The goal of eGabon is to hasten the development of eHealth services in Gabon.

Residents of Gabon will benefit from better treatment, less redundant diagnostic tests, less unneeded hospitalization, and better diagnoses as the country’s health care system is digitized.

The initiative will improve healthcare employees’ information and communication technology (ICT) abilities, with an emphasis on women.

LIBREVILLE – While the internet, mobile phones, and other digital technologies were rapidly spreading throughout the developing world, the expected digital dividends of higher growth had fallen short of expectations, according to the World Bank’s World Development Report (WDR) on Digital Dividends published in January 2016.

Digital technology may enhance inclusivity, efficiency, and creativity in a field like health, according to the paper. Digital tools, on the other hand, must be accompanied with effective country ownership, solid governance, and strong institutional and human capability in order to enjoy these benefits.

The e-Gabon initiative, which intends to hasten the development of eHealth services in Gabon, is the first to put the 2016 WDR’s recommendations into action.

Gabon already has a well-developed information and communication technology infrastructure. It is a regional leader in the development of e-government and broadband. The government is now attempting to improve public health care with the help of the World Bank. Experts believe that putting health services online will enhance both basic care and efficiency. By introducing new ways of developing and managing people’s health care requirements, it will help create jobs and foster innovation.

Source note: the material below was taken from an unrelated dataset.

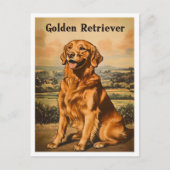 Golden Retriever Dog Vintage Art ポストカード (正面)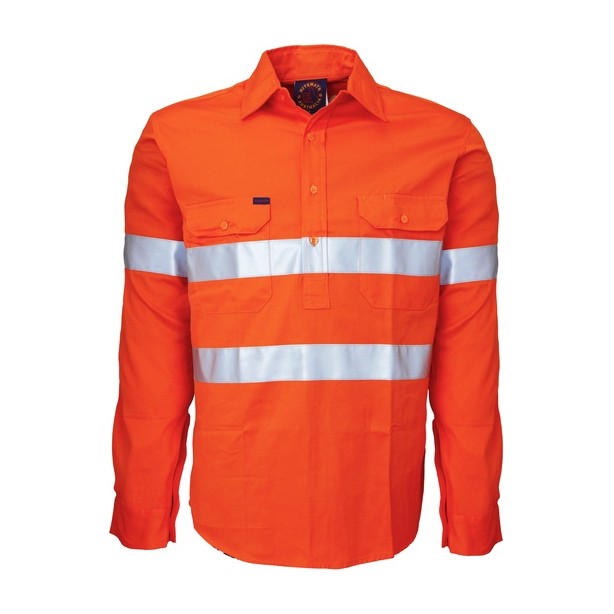 Ritemate Closed Front Long Sleeve Shirt 50MM Reflective Tape RM104CFR in Orange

“The goal is to improve the efficiency of the system,” says Michel Rogy, a World Bank policy specialist on information and communications technology. “It would be easier to handle and communicate if we can have everything from prescriptions to health histories in a digital database.” We may also utilize technology to predict possible health emergencies and respond more quickly if an outbreak occurs in a remote region.”

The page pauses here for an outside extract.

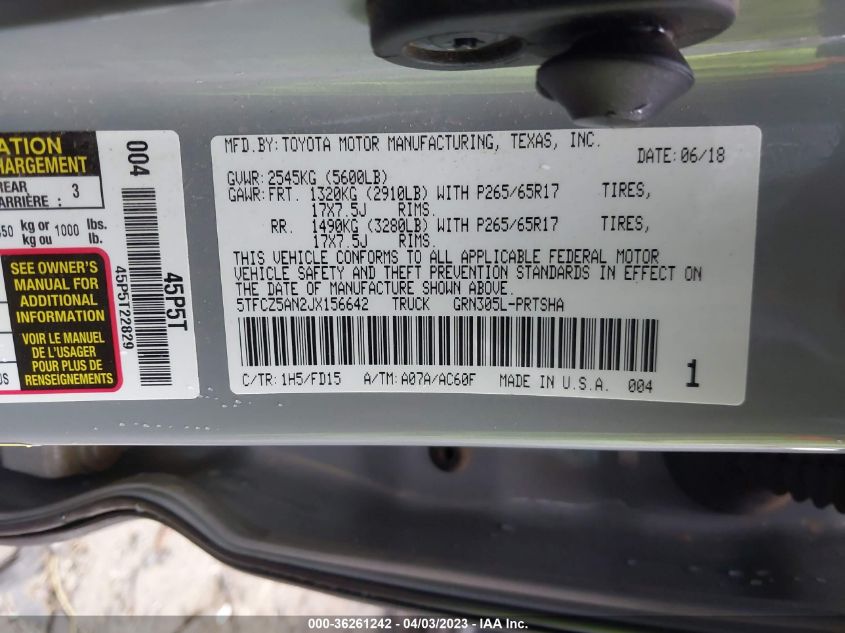 2018 TOYOTA TACOMA SR/SR5/TRD SPORT - 5TFCZ5AN2JX156642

The eGabon project is divided into two parts:

The first will implement a National Health Information System, which will improve access and efficiency while also enhancing service quality. This entails improving healthcare personnel’ information and communication technology (ICT) abilities, with a particular focus on women.The second focuses on the broader economy by encouraging the creation of content, apps, and services relevant to the digitization of health data. The establishment of an electronic artificial womb in Libreville (the capital), and also relatively small incubators in Port-Gentil (the financial powerhouse) and Franceville (and you can find there the International Center for Medical Research (CIRMF) is based), is aimed at fostering the growth of a digital innovation ecosystem. The objective is to increase the number of start-ups, with a particular focus on women-owned businesses, as well as to develop local digital content, apps, and services. This includes hackathons and business proposal competitions, among other things.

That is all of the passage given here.